The Museum of the Anthropocene (MoA) is an outdoor, city-wide museum that explores the intersection of history, science, and art through Indianapolis's built environment.
The concept of the Anthropocene—that humans are now among the major global forces transforming the earth’s biophysical systems—was first popularized by Nobel Prize recipient Paul Crutzen in the early 2000’s. It has increasingly become a framework through which scientists, social scientists, humanists, artists, and policy makers alike understand our contemporary environment. And, with coverage in the Smithsonian, Scientific American, National Geographic and other mainstream magazines, it’s an idea that’s rapidly entering the public consciousness. While the date when humanity entered the Anthropocene is still a matter of debate, there is little doubt that the period between 1800 and the present has been crucial in forging the conditions of the Anthropocene. This is the period in which industrialization, urbanization, and capitalism reshaped humanity’s relationship to the environment, sparking a massive influx of C, P, and N into ecological systems; climate change; rising sea levels; destruction of biodiversity, and more.
MoA uses the landscape of Indianapolis as an exhibit space to elucidate the history of the Anthropocene as well as the environmental processes that have been reshaped by anthropogenic action. Indianapolis was founded in the early 19th century and grew into a major Midwest industrial, commercial, and transportation hub. Consequently, its landscape suffered from the largely unintended and unanticipated consequences of the city's development, e.g., shifting land use patterns, point and nonpoint pollution, siltation, habitat loss, and decline of native species. By the last third of the 20th century, due to an expansion of scientific knowledge, the shift to postindustrial economies, and a growing environmental movement based on popularized ecology, Indianapolis’s inhabitants began to imagine the urban environment differently. Attitudes and expectations shifted, resulting in new ecosystems, cultural perceptions, ecological priorities, and policies. As such, Indianapolis is a microcosm of the Anthropocene -- revealing the complex interplay of biophysical and human systems.

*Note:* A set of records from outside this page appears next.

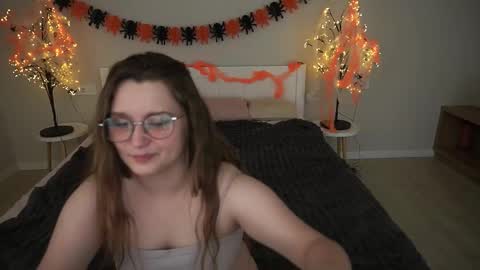 Emily online show from October 27, 2025, 7:40 pm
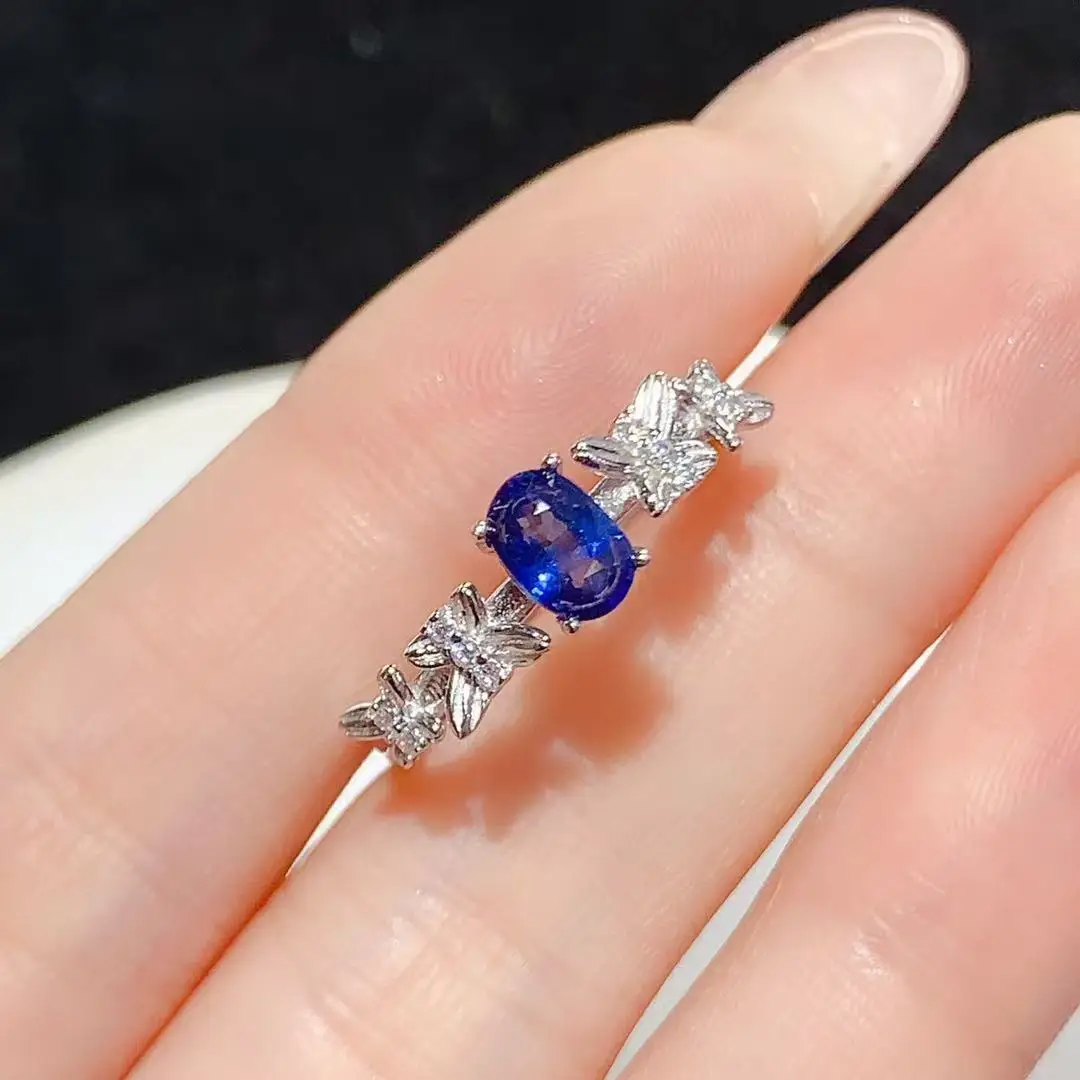 Modieuze ring met vlinderdesig - Ethnic Fashion Designers recensie en prijs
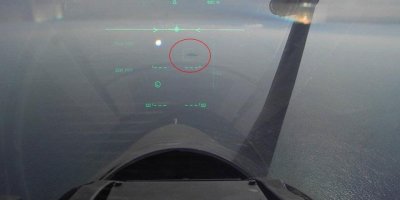 Yunan pilot Türk savaş gemisine kilitlendi!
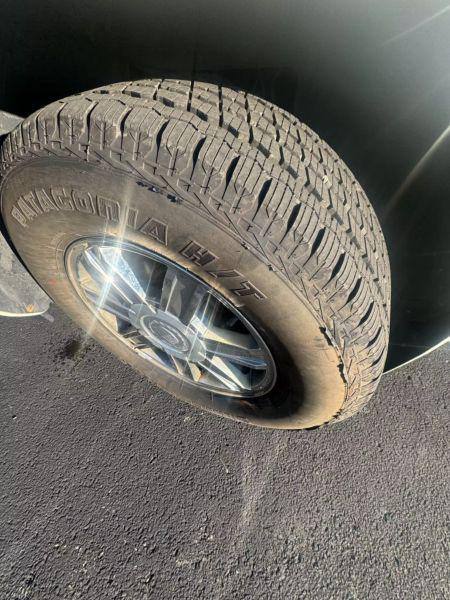 2008 Cadillac Escalade Standard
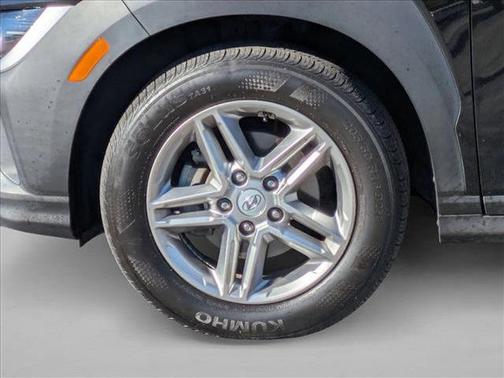 2022 Hyundai KONA SE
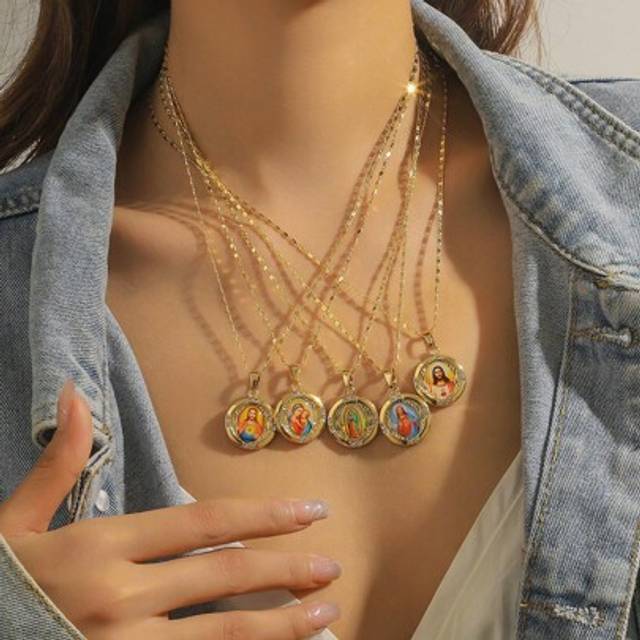 SHEIN 5pcs Fashion Minimalist Christian European Style Jesus Virgin Mary Icons Pendant Necklace Set, Suitable For Christmas, St. Ambrose Day, Thanksgiving D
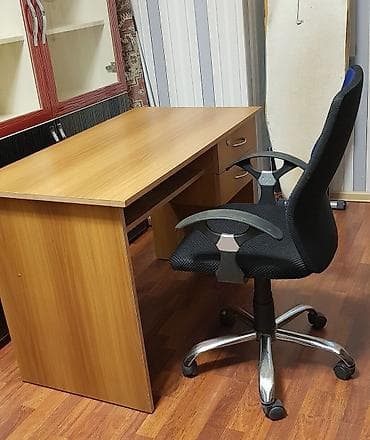 istolar: Yazl masa və kreslo bir yerdə 220 manat.unvan Qara qarayev inare — 1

MoA will be composed of a network of interactive sites, which will be held together through a schema that focuses on both historical and scientific knowledge. The sites will pay particular attention toproviding large scale interpretations that allow visitors to situate themselves within social, environmental, political, and cultural processes as well as to giving voice to diverse contemporary and historical experiences through the integration of oral histories. Each site will consist of an analogue interpretive mechanism (e.g. signs, images, etc.) as well as a digital mechanism that allows visitors to use their mobile phones to play recordings that help them experience the site. The museum will be connected to a digital infrastructure consisting of interactive maps and other activities.